There are things we see every week in football which are a complete fiction – foul throws are never punished, half-time entertainment is never entertaining and mid-table safety is never safe. 

Mid-table is portrayed as a gravity defying bubble. Looked through the prism of the relegation zone, it’s nirvana, from the play-offs, it’s an eternal damnation, when you get there, it’s neither. 

The perception is that if you’re mid-table, the prospect of achieving anything meaningful is remote to non-existent. When I’ve spoken to friends about Oxford’s prospects this season, they’ve shrugged their shoulders and told me we’ll be fine because we’re ‘safe’. 

We haven’t been a team that’s strived for mid-table for years, but I can’t remember a time when we’ve been in that range and not had either a nagging fear of going down or a growling frustration that we should be achieving more. Mid-table isn’t a safe haven, it’s a transitory phase.

This season I’ve tried to adopt two mindsets – the first is that from day one we’ve been in a relegation fight. The second is to look at the table like an outsider would. When we were nine points clear of relegation and neutrals shrugged their shoulders at our fears, I tried to adopt that same perspective.

But do I know too much or the neutrals too little? They won’t consider our struggles with goals or our difficult run-in. Equally, they don’t fret over our lack of options at left-back or strength up front, they objectively look at the table and assess our prospects based on what typically happens in similar situations.

After Norwich and Coventry, it felt like a wedge had been placed in our slide. Hull felt like an opportunity to capitalise and steer our supertanker into calmer waters.
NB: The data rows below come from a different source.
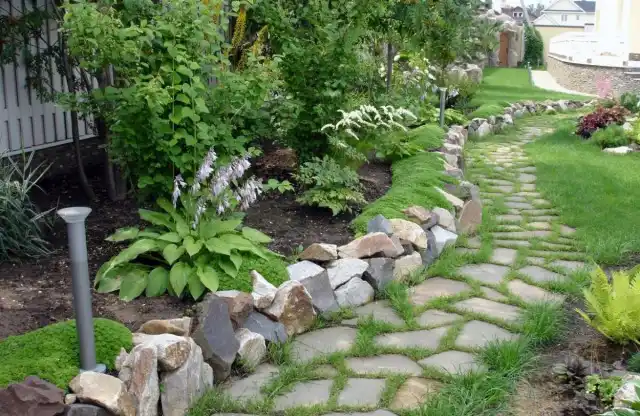 Садовая дорожка (Garden path)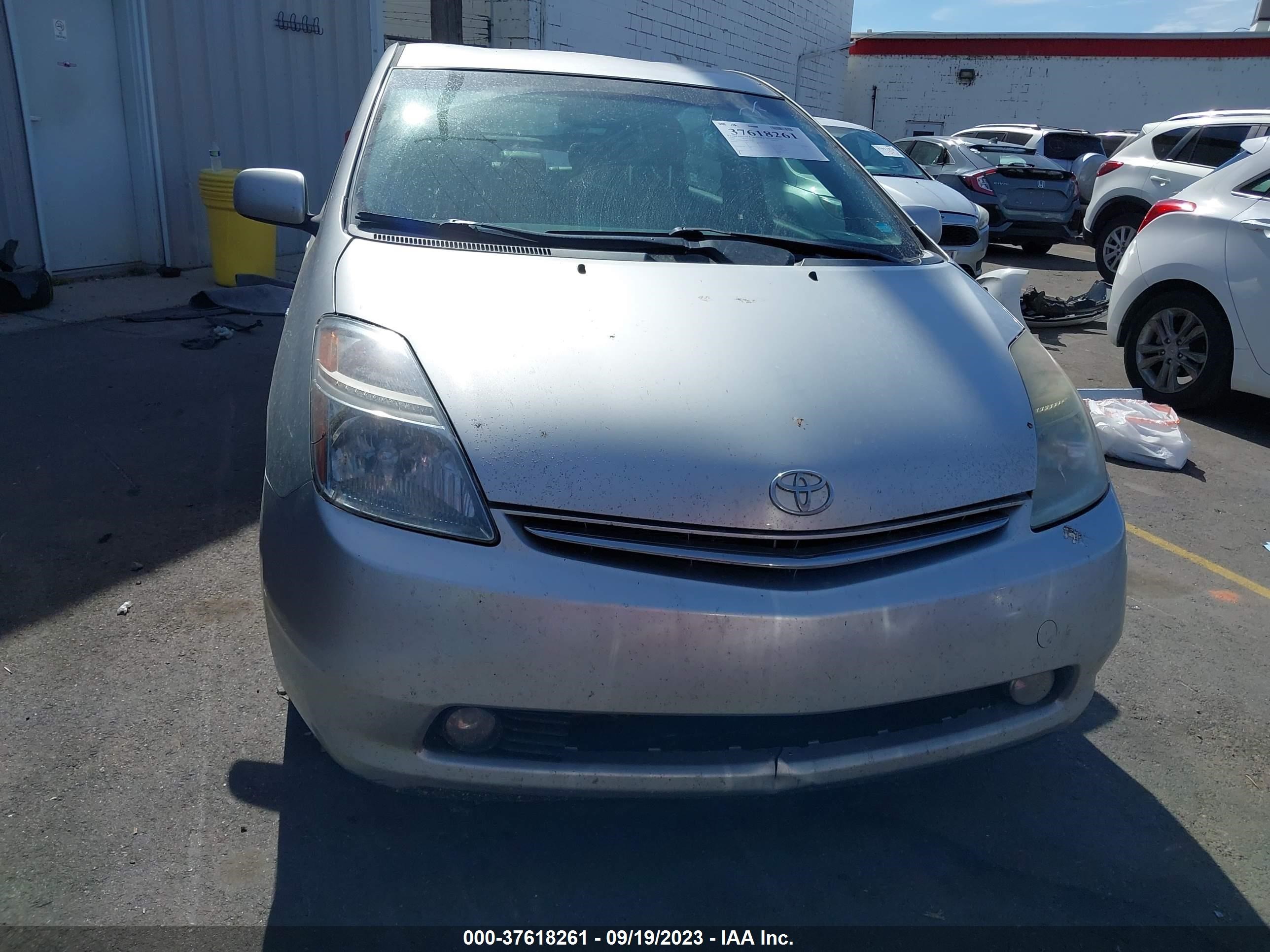 Photo 12 VIN: JTDKB20U883384881 - TOYOTA PRIUS 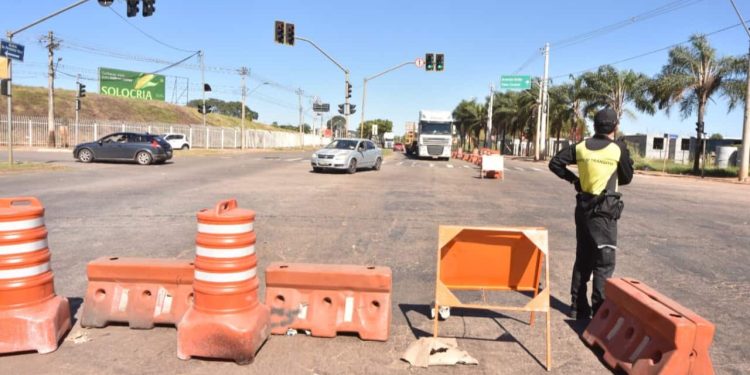Novo trecho da Avenida Perimetral Norte passa por interdições devido obras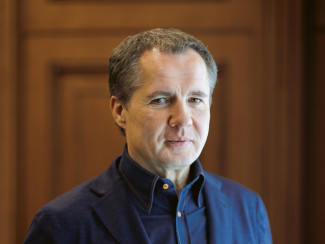 Не забудьте поздравить! 15 января родился политик Вячеслав Гладков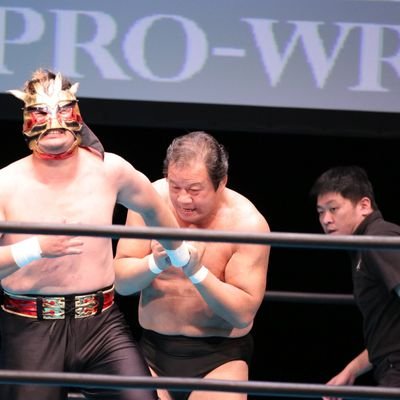 日本でプロレスレフェリーやってた唯一の台湾人です、デビューリングは琉球ドラゴンプロレス(*´∀｀)2019年にサラリーマンやめて日本で活動してましたがコロナのせいでまたサラリーマンになりました！もうプロレスではなく普通に遊びに行きたいです...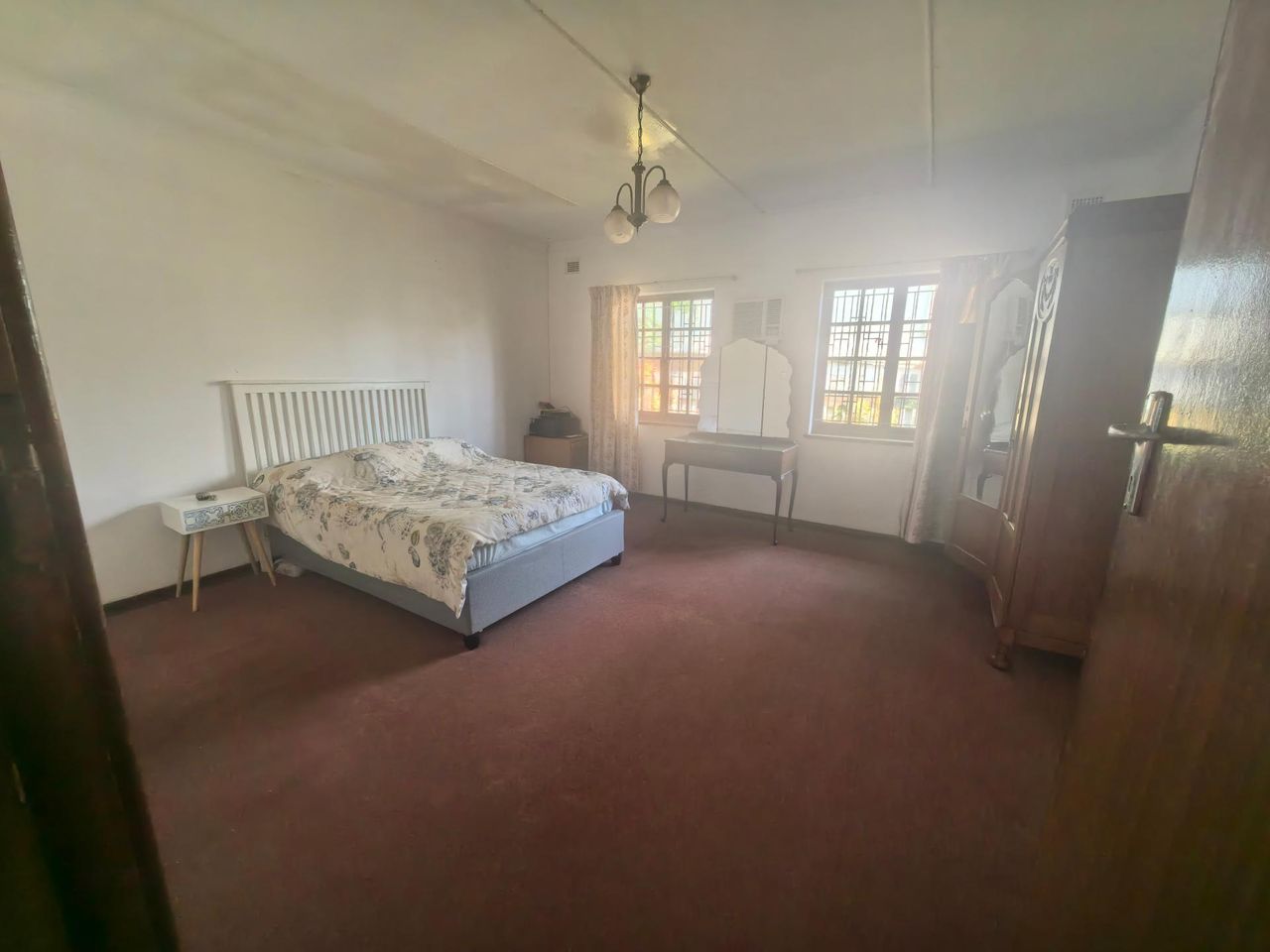 Photo 4 of 7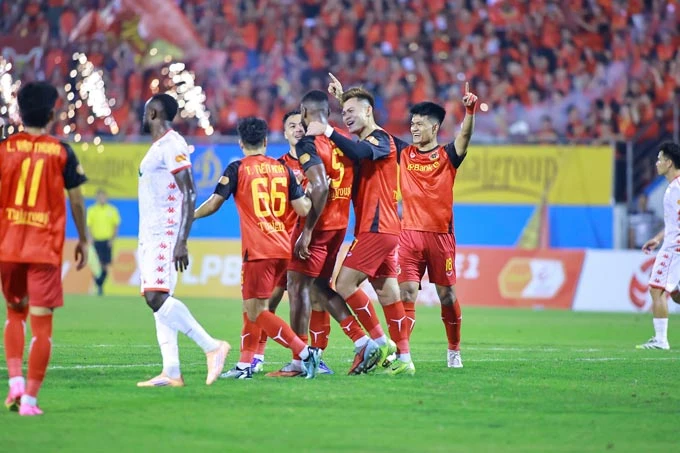 Kết quả Ninh Bình 2-1 Hải Phòng: Soán ngôi của Hà Nội FC Kết quả Ninh Bình 2-1 Hải Phòng: Soán ngôi của Hà Nội FC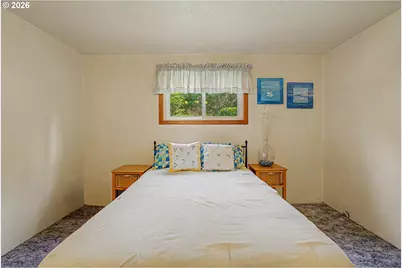 25465 S Beavercreek Rd, Beavercreek, OR 97004 - Photo 17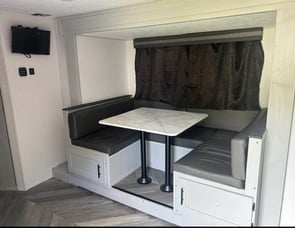 Forest River RV Wildwood FSX 178BHSK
We’ve got used to midweek Championship football on Sky; gone is the romance of ‘games under the lights’; in its place a sense of underwhelm, financial shortcutting and contractual obligation. 

There was, at least, the familiarity of Robyn Cowen in the commentary box. We’ve had an Oxford fan, Simon Watts, on the microphone previously, but Cowen is distinctive as the voice of Women’s football in this country. It doesn’t take much to discover she’s also an Oxford fan. With her neutrality on trial, I half expected her to theatrically stumble over her pronunciation of Hidde Ter Avest just to prove her impartiality. But, her BBC schooling runs deep, so a sense of balance was maintained throughout. 

Not that she was under any pressure, she must have been aware that for many viewers she was ‘Robyn off the Dub’ but unlike when she’s on England duty, there’s no pressure to reflect the cultural zeitgeist. She was never likely to need the masterful poetry of “Dream makers. Record breakers. Game changers” for this one but maybe she had “Perennially goalless, creatively listless, offensively clueless” taped to her commentary booth just in case.

The first half wrote its own story, Hull had the better possession, we had the better chances. Our evolution into a set-piece monolith makes sense, but pragmatism is draining. When Elliott Moore headed narrowly wide, Cowen and her co-commentator Andy Walker seemed so consumed by ennui the chance was like two neighbours discussing the mildly diverting novelty of seeing a parrot fly over their house. 

Gary Rowett said after Norwich that his switch to a back-three had been driven by a need to do something different. He’s right, famously, doing the same thing and expecting different results is a sign of madness. For Hull, he switched back to a back-four and brought in Ruben Rodrigues, Stan Mills and Matt Phillips . We even adopted a daring white shirts and shorts with yellow socks combo.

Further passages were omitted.